However, that's not how it works now. In this current market, wealth can and is amassed through speculation and unfair market control by unchecked liquidity for certain institutions. An example of this is Bain capital (I use it because it's easy to read about, but trust me, a vast majority of the market is now speculative or inflationary in nature.)....How this market makes money is by using high access to liquidity, then speculating upon the demise of competition in the market they are killing. They make money from eliminating the competition, then they take their debt saddled company, which borrowed far more than it could ever rationally pay back (Which is the only reason they COULD corner the market, in say paper, like Bain did.) and give themselves bonuses to cannibalize any residual profits, and then declare bankruptcy and extricate themselves from the rational consequence of their behavior.
To be specific in this market...One invests in an already proven market or business, like say a paper company. They borrow money in an irrational plan to expand, but unlike above, the money is not soundly invested, so the underlying assets and potential profits don't match up--but it's allowed anyway because of collusion and corruption in the top circles. The company uses this irrational amount of money to kill it's competition, and make it's ledgers look obscenely good (But it's all a lie). It then pays out it's liquidity to it's CEO's through bonuses. Then the company eventually has a liquidity crisis and bankruptcy is declared. The CEO's cannibalize the assets to a company overseas, then are hired by said company as "consultants" (With winks and nudges and thanks for the new market which has absolutely no competition and it's whole supply chain willing to accept lower prices because they have no customers!).
This kind of wealth acquisition actually is an overall negative from a market perspective because the borrowed money can't be repaid, and the stifling of competition which lowers labor power and supply chain demand/bargaining. The supply chain stuff and labor stuff lead to less money having to be paid out by capital, even for the same job or product (Which has knock on effects down the line, it's not just the people at bain who lost work, now layoffs happen for everyone who supplied bain because the new dominant factor in the market can dictate terms because it has no competition). The lack of repayment eventually leads to a debt crisis, which requires printing and leads to inflation (And eventually deflation). However, because in this process said investors accrued more individual units of currency, even if all of said currency is reduced in value by a nominal amount (Lets say 10%), they still come out ahead because they simply have more. In this way, this system of bad debt practices and speculative market corruption is a kind of "reverse" tax, rather than growing the market, they are taking money by making yours less and less valuable.

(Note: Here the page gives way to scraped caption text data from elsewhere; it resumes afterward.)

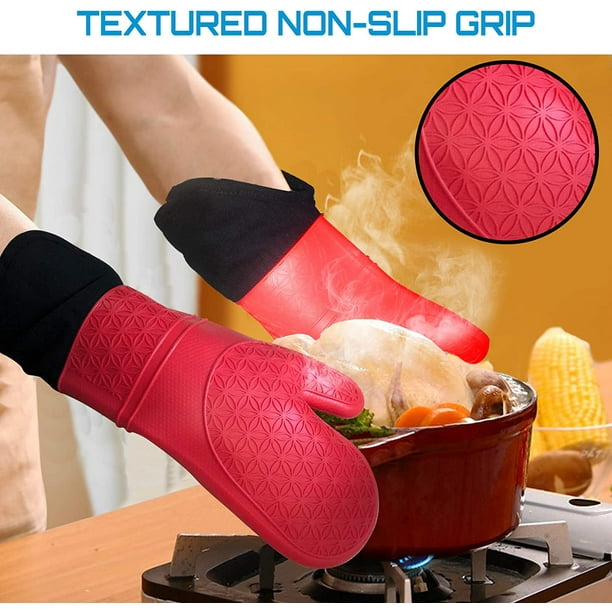Kitchen mittens cheap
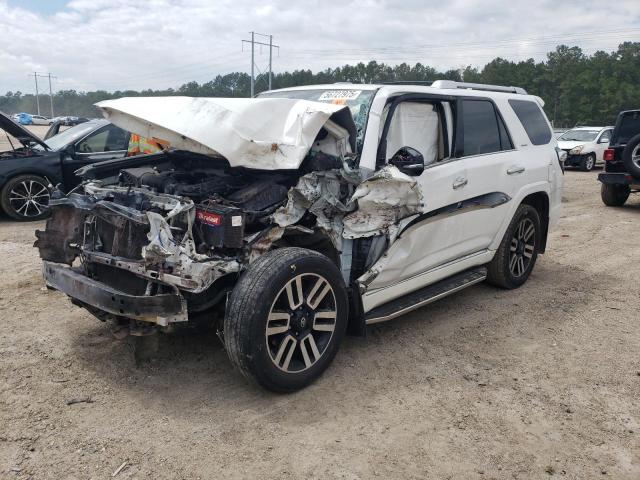 Vin: jtezu5jr7g5119033, lot: 56727975, toyota 4runner sr5 2016 img_1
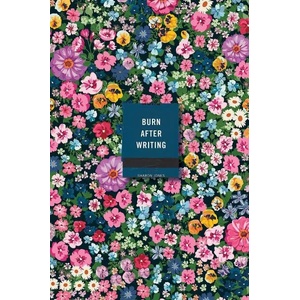 Burn After Writing (ISBN: 9780593420768)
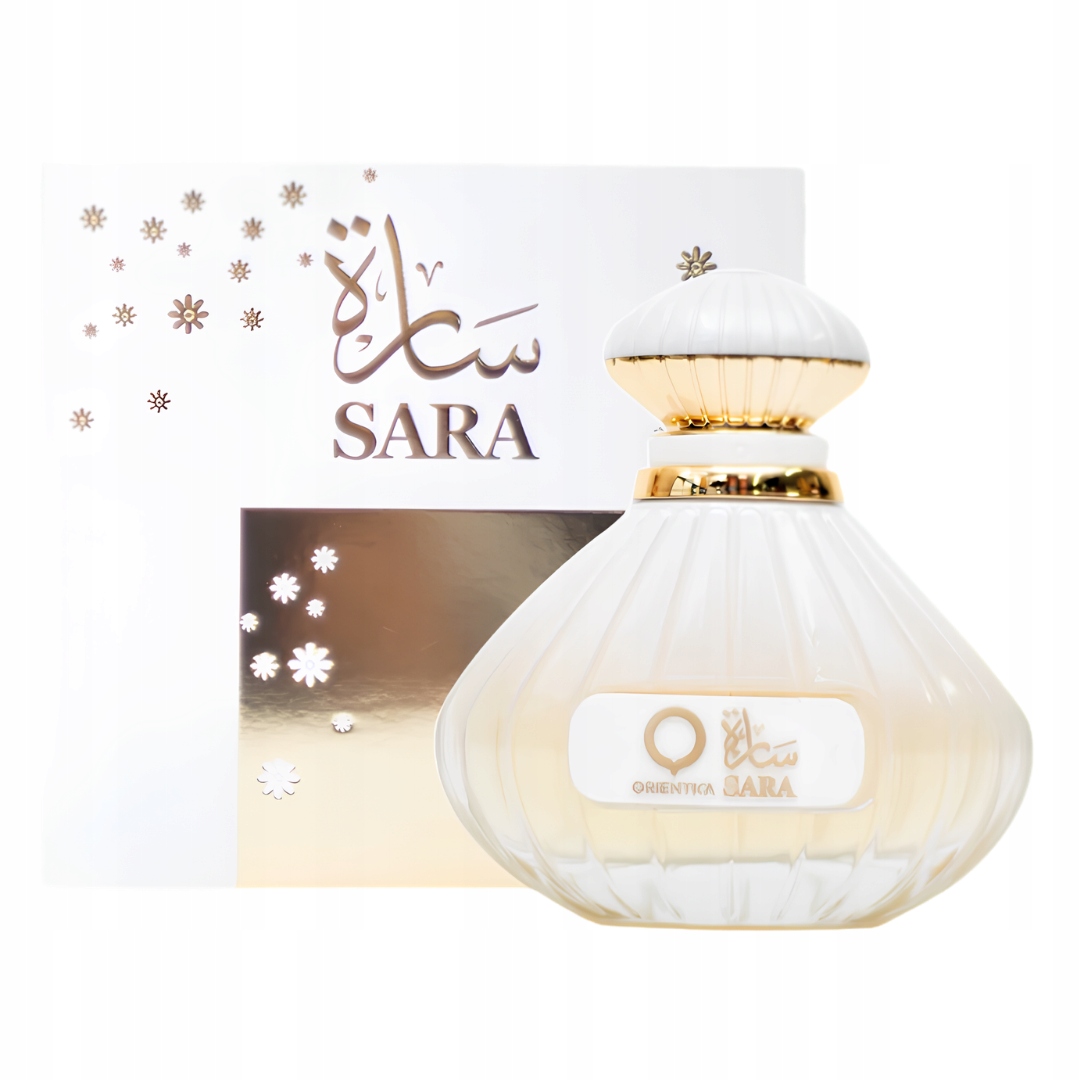 Dámské Parfémy Sara Femme 100 ml Orientica Obklopující Sladké Vanilka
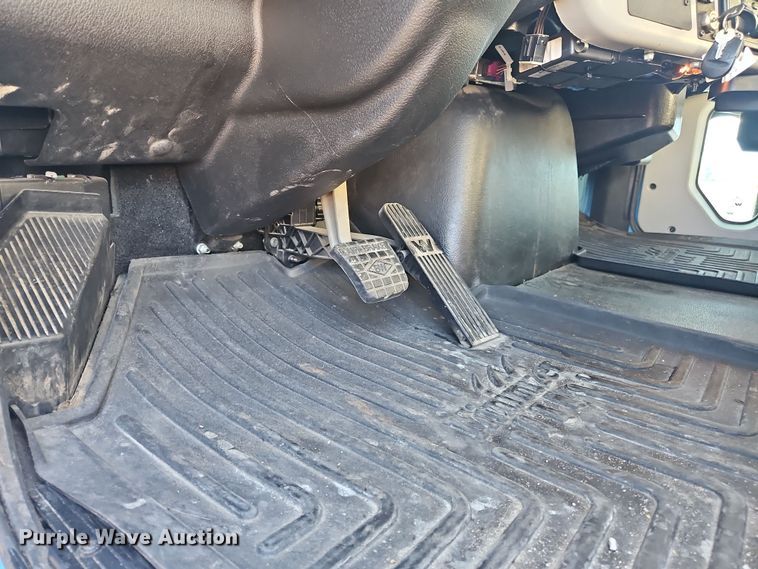 image for item NZ9111 2020 Western Star 5700XE  semi truck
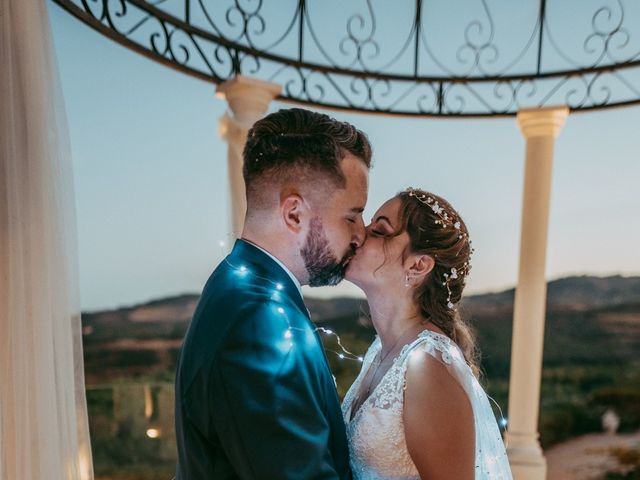 La boda de Fernando y Paula en Velez Malaga, Málaga 2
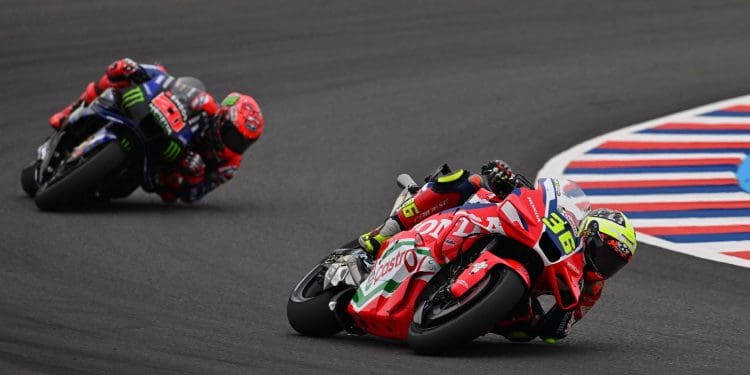 Joan Mir quer manter evolução positiva em Austin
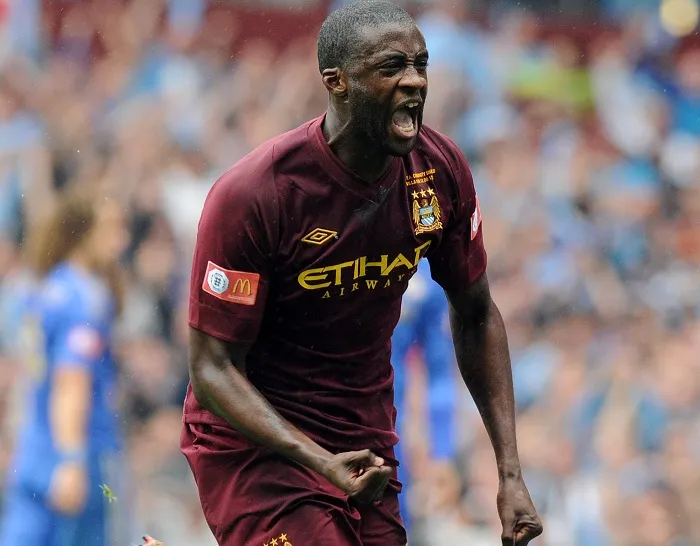 Yaya Touré veut gagner au Bernabéu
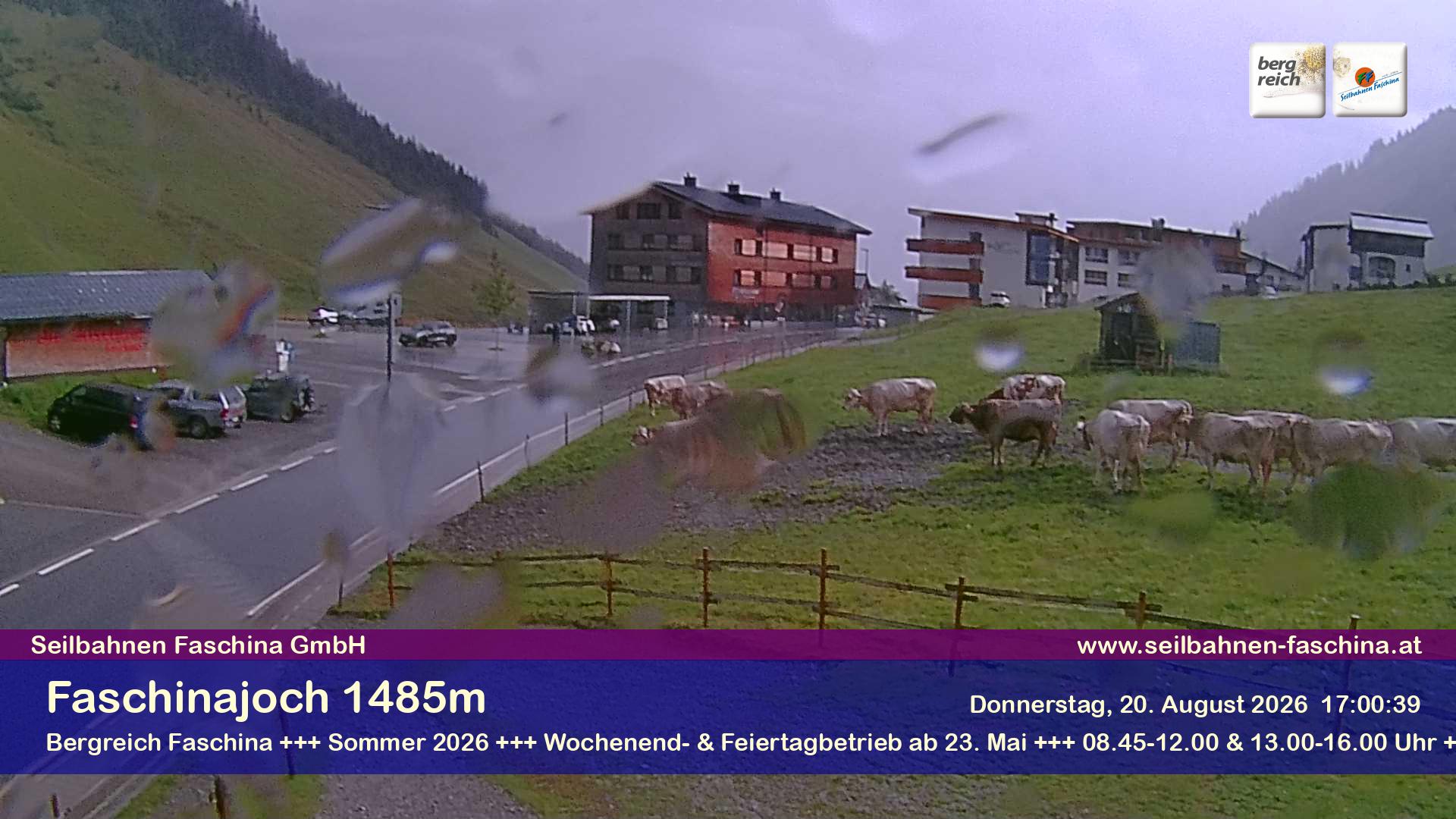 Faschina - Faschinajoch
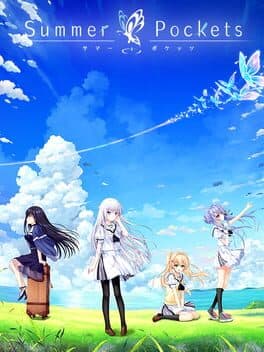Summer Pockets cover art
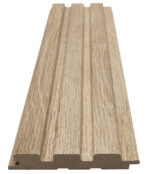 Light Oak Square - MDF Panel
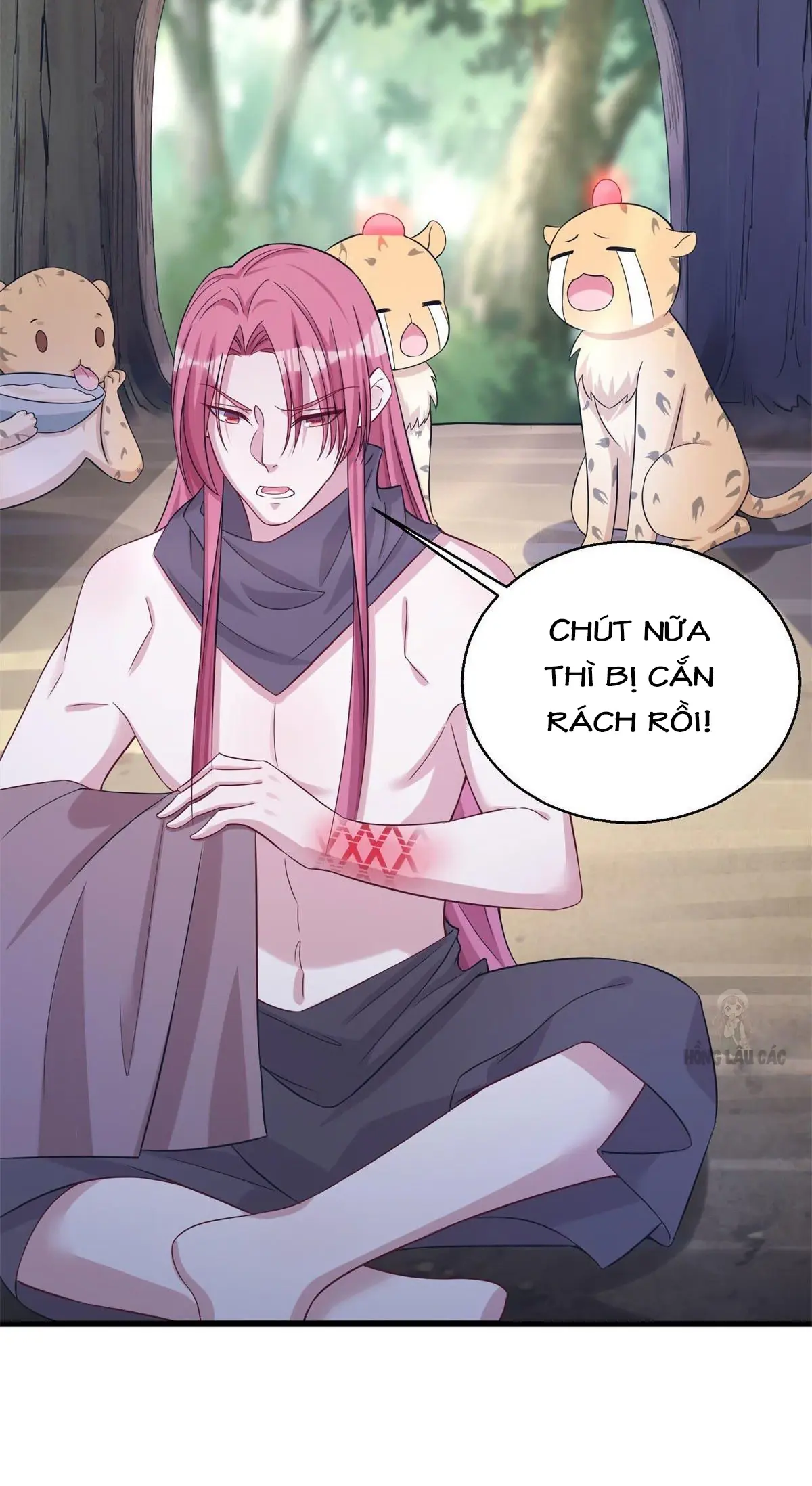 Thảnh Thơi Thú Thế Chủng Chủng Điền, Sinh Sinh Tể - Update Chapter 285 - Trang 25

This combined with the fact that this kind of wealth acquisition freezes liquidity because it's such high gain, which prevents investment in actual growth (Like opening up new businesses, which is why you see even in the time of record bank profits, loans distribution is barely above government mandates)....This has a net effect of making everyone poorer by freezing wages, preventing job creation and making current wages less valuable--all while making a few select people wealthier.